If you want to wake up every 30 minutes, maybe a wind-up kitchen timer? Cheap. loud, easy to set.

Good luck! I'll be interested to hear how this goes.


----------



## Kundalini-Mama (Jul 15, 2002)

what a good idea!

we have an old kitchen timer and when it goes off, it goes bin... (it doesn't even finish the bing.) i forgot that timers don't usually sound like that!

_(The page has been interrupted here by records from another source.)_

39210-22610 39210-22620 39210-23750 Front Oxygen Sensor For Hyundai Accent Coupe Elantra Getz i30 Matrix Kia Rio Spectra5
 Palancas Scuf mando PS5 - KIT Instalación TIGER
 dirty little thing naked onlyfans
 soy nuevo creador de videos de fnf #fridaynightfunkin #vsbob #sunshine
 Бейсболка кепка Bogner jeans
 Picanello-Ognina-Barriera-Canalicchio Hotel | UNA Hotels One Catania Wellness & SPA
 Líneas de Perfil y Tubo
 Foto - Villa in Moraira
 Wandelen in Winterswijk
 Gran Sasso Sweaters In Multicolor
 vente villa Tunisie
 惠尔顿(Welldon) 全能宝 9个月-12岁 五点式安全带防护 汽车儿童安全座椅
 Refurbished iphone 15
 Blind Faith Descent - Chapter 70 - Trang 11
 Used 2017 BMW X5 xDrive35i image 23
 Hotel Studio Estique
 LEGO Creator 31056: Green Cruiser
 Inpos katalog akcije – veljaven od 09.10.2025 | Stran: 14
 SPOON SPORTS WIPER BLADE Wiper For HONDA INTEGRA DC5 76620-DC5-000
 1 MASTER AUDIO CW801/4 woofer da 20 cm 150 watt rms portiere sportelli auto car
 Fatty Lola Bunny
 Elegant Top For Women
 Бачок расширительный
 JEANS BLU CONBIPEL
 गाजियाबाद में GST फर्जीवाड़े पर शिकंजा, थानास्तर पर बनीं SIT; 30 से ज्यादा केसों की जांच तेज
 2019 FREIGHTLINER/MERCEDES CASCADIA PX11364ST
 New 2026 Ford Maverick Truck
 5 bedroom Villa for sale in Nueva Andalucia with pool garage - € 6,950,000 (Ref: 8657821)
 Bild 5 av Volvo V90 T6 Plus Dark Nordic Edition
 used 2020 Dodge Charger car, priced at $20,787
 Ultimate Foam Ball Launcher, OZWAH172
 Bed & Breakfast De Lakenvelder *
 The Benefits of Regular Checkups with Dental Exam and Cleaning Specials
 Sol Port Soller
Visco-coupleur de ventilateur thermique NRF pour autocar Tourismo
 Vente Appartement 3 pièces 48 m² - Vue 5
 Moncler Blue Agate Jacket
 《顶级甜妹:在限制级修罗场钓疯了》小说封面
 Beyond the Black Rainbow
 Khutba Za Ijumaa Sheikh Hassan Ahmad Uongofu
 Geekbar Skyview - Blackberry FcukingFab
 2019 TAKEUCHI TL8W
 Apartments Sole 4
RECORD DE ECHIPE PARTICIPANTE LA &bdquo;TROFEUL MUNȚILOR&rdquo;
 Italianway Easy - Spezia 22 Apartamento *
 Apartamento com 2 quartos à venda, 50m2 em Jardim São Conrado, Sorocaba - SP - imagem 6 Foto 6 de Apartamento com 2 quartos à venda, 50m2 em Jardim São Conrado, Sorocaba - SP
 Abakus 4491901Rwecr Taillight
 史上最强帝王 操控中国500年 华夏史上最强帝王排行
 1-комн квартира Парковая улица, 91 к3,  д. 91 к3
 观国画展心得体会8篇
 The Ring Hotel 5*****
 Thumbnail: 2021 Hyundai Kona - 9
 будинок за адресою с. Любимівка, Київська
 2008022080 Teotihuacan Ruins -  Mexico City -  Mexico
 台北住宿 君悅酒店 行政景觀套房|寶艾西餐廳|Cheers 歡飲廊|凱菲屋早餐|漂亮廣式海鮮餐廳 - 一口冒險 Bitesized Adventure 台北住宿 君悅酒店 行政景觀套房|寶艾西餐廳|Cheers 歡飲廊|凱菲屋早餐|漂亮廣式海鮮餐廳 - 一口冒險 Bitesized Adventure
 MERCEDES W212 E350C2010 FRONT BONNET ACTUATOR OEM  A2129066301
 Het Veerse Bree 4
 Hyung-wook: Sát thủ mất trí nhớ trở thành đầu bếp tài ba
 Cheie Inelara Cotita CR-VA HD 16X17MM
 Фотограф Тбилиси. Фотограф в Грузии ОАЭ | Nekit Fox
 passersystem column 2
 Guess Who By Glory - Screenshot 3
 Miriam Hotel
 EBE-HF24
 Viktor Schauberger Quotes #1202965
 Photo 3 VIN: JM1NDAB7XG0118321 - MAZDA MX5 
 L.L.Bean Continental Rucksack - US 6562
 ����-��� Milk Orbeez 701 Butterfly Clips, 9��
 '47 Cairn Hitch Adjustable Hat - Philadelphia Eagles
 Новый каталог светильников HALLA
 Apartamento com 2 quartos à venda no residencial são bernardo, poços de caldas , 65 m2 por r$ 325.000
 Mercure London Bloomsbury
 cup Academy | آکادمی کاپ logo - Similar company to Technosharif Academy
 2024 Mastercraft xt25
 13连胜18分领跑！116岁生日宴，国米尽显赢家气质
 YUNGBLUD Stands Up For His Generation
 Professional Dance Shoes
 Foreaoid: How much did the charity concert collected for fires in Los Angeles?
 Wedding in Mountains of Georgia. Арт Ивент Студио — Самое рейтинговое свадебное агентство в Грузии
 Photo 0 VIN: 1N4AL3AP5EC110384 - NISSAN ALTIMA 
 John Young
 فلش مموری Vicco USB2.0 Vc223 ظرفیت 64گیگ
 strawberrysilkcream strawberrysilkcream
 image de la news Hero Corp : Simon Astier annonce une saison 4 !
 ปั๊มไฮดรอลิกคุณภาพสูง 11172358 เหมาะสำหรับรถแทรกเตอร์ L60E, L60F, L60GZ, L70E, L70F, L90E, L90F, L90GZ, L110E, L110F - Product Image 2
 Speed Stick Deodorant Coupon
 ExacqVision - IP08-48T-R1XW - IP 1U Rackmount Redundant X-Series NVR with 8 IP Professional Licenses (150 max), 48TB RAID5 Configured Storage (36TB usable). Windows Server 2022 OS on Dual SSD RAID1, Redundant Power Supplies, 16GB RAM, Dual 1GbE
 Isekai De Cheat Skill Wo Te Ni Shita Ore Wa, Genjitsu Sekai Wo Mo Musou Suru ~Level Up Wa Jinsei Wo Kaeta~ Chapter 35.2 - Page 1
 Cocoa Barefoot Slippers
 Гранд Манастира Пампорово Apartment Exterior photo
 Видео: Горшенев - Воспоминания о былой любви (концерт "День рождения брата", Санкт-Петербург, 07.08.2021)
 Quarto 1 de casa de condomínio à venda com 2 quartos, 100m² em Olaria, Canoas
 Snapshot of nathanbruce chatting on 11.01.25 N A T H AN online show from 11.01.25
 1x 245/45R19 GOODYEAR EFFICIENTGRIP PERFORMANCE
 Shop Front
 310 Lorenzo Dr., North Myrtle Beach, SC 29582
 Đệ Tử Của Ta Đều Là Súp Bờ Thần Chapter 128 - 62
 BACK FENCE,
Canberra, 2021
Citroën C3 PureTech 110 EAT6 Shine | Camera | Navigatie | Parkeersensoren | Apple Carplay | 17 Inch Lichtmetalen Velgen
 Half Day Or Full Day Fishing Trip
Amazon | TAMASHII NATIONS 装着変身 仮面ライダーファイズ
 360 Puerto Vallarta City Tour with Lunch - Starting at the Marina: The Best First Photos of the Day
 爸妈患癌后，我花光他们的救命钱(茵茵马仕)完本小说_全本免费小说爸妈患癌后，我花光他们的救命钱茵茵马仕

the last couple of nights have been good, 2hr stretches, but so far he has woken up twice in the past 2 hrs, and due any time for another awakening







:

i will keep you updated!
amy


----------



## milkymama (Sep 13, 2002)

Wow you must be sooooo tired mama. just sending a big hug







to you.


----------



## Embee (May 3, 2002)

When DS was 4 months or so, he was still waking several times per night. His bedtime was around 7 then. I started waking him at 10pm to change and nurse and then would put him back down. I was hoping that waking and nursing him before I retired for the night, would possibly give me a couple of hours of sleep before he woke up again. He is the king of the "mommy just dropped off" waking!!!









This was the only intentional waking I did but after a couple of months, I realize he was sleeping through to 4 or 5 o clock pretty regularly. When we moved to our new home when he was about 7 months old, DH and I had a little celebration one evening after DS went to bed for the night. We shared a bottle of wine and I decided not to wake DS and nurse because I'd been drinking. I figured he'd wake me in a couple of hours or so. He never did... he went right on sleeping through to 5am?! We went ahead and stopped doing the 10pm waking and I kept thinking that I should have stopped it sooner!









I read about the schedule wakings during the time this was going on and started to realize that perhaps this is what helped us?? I don't know but it does seem like perhaps... not sure how it will work with a toddler but I'd love to keep tabs on your situation!

That said, DS still nightwakes to this day. After a couple of months of the sleeping through, he battled a tough bout of sep anxiety and was up a lot. He still nighwakes but compared to a lot of kids, it's pretty manageable most nights.

best of luck!

Em


----------



## CarolinaS (Nov 21, 2013)

Hi there, Kundalini-Mama.

I just read your post and I'm in the "waking every 40 minutes" for about three months now. I'm wondering if you tried the scheduled awakenings and how it went..

I know it's been a long time, but I would like some long term perspective 

Any advices?

Thanks!


----------